[DIRECTIONS FOR THIS TASK]
Please return only the lines from the one holding "Dark Horse Collection" through the one holding "中式婚礼新娘团扇结婚出嫁高级重工感秀禾婚扇喜扇手工diy材料包", exactly as they appear in the records below, both ends included.

*** RECORD EXTRACTS Section Begins ***

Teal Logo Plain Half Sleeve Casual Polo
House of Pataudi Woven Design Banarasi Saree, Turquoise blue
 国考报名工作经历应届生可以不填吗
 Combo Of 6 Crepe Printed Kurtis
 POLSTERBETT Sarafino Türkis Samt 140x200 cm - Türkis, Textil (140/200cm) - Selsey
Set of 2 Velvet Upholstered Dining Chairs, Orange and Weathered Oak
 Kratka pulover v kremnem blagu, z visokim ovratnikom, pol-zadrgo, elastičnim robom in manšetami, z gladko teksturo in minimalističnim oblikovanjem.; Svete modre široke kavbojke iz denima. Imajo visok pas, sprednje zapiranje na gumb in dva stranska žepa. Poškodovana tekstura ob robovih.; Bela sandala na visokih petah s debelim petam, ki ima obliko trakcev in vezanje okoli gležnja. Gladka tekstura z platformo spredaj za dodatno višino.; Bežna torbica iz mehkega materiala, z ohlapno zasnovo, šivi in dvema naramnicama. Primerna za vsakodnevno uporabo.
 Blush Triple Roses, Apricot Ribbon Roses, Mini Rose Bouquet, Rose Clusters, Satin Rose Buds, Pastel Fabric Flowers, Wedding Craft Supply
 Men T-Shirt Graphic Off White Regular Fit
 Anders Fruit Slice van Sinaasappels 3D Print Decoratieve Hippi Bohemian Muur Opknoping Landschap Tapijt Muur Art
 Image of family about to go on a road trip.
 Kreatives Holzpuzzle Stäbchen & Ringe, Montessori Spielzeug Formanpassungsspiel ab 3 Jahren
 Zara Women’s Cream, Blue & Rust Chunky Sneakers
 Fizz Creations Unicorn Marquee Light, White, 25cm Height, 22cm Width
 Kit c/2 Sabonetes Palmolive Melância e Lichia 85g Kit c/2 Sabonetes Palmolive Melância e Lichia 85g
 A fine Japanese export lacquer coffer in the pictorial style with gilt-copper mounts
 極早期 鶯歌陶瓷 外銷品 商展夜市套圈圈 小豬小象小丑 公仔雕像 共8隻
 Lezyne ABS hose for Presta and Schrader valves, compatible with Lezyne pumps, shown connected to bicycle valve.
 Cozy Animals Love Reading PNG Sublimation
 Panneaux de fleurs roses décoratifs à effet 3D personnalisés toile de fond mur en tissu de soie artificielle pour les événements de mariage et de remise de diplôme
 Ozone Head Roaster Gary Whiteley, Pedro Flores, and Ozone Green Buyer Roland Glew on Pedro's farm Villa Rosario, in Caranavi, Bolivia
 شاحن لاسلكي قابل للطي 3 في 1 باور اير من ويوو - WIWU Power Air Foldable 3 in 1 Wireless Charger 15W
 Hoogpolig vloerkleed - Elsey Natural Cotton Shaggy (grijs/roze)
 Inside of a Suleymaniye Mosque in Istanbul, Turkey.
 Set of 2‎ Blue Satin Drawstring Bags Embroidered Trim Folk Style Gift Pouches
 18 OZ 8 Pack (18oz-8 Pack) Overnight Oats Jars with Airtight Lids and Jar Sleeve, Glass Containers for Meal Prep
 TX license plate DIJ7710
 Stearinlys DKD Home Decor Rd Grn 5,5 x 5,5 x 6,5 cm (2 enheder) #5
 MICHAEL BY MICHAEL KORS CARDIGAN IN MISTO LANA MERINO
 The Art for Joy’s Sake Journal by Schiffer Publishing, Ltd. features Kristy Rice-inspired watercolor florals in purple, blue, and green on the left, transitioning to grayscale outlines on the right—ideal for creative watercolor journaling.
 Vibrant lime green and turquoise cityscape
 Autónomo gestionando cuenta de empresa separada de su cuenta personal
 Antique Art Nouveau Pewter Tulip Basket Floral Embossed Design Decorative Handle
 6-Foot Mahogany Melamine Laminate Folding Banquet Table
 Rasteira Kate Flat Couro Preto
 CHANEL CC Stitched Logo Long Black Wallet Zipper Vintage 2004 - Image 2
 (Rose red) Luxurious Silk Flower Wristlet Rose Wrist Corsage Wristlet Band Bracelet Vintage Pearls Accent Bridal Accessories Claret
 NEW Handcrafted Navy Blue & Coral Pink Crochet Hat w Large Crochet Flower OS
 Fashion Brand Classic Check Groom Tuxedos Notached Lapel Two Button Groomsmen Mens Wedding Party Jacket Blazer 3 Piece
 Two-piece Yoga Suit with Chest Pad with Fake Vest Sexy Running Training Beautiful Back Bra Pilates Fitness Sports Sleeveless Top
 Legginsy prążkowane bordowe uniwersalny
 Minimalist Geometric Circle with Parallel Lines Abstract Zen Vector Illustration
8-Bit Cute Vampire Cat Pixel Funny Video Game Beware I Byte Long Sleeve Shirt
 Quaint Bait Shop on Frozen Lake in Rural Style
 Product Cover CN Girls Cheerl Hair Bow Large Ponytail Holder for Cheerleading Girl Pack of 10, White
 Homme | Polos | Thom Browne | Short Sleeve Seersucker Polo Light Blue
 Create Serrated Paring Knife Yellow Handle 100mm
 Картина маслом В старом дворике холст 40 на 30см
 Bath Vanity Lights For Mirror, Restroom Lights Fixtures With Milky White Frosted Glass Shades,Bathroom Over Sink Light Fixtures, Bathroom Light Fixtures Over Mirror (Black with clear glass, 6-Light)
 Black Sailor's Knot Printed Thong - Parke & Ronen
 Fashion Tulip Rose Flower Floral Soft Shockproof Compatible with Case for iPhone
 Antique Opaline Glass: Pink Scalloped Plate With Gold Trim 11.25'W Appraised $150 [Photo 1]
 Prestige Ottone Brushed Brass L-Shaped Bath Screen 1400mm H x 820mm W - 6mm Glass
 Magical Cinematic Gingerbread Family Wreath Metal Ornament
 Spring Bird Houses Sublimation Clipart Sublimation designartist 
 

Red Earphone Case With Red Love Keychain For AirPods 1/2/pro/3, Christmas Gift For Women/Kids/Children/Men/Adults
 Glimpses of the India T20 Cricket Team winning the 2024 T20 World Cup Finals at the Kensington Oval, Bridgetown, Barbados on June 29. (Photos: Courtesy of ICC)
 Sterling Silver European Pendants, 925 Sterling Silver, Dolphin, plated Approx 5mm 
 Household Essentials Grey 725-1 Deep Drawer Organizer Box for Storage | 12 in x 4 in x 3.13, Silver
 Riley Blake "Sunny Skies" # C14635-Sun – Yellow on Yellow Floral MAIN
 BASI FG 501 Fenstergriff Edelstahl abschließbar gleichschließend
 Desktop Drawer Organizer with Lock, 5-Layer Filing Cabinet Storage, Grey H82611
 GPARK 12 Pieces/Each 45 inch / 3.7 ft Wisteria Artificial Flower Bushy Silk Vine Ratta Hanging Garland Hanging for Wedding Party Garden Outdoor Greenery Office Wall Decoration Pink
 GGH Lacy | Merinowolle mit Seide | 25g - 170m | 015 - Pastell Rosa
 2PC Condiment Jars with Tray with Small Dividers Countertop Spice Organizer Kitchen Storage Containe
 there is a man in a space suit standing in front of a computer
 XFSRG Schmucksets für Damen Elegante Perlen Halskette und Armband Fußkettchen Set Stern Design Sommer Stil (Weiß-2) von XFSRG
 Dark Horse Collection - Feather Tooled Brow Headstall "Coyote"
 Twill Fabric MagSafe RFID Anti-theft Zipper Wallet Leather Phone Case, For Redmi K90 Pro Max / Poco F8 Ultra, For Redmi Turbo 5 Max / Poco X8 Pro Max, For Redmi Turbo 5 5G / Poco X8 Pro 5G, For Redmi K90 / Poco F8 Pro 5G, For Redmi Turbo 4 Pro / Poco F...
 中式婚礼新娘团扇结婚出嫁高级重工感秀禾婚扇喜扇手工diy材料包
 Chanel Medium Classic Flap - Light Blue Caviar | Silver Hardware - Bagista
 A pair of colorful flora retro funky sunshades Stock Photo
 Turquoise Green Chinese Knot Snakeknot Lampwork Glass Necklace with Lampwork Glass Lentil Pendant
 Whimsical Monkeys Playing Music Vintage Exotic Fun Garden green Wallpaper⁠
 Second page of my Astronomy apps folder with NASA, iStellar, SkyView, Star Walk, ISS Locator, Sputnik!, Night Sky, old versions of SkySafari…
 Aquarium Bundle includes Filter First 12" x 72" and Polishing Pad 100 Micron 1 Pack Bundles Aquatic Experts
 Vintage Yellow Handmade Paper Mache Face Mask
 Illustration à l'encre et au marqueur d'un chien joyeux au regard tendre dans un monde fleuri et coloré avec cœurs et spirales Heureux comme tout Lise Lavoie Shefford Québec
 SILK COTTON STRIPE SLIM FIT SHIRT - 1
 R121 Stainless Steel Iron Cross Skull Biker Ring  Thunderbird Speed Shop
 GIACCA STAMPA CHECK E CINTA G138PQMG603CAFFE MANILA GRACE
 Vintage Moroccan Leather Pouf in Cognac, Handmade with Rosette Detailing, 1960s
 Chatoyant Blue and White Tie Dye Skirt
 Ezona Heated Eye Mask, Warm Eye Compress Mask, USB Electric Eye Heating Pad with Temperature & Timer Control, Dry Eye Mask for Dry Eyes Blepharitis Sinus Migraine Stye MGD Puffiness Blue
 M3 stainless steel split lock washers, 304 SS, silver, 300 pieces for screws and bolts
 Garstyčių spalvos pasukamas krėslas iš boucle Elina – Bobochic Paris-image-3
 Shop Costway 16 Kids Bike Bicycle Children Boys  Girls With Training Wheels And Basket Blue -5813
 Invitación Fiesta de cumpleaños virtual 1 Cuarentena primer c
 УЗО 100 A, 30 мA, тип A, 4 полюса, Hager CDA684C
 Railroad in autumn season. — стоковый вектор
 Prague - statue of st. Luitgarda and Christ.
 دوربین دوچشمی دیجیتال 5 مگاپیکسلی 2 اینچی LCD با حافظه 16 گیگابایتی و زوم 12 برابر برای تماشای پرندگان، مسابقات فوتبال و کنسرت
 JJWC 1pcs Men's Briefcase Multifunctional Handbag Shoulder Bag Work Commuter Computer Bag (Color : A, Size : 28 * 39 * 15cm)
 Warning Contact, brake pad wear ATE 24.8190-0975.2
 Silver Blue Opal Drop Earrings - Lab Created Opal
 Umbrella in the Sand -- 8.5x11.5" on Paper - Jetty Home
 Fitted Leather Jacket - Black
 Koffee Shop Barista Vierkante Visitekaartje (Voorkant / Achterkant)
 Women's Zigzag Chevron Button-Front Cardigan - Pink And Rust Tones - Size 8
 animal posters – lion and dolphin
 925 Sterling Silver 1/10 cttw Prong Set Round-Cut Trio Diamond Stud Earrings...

*** RECORD EXTRACTS Section Ends ***

[SOLUTION FOR THIS PROBLEM]
 Dark Horse Collection - Feather Tooled Brow Headstall "Coyote"
 Twill Fabric MagSafe RFID Anti-theft Zipper Wallet Leather Phone Case, For Redmi K90 Pro Max / Poco F8 Ultra, For Redmi Turbo 5 Max / Poco X8 Pro Max, For Redmi Turbo 5 5G / Poco X8 Pro 5G, For Redmi K90 / Poco F8 Pro 5G, For Redmi Turbo 4 Pro / Poco F...
 中式婚礼新娘团扇结婚出嫁高级重工感秀禾婚扇喜扇手工diy材料包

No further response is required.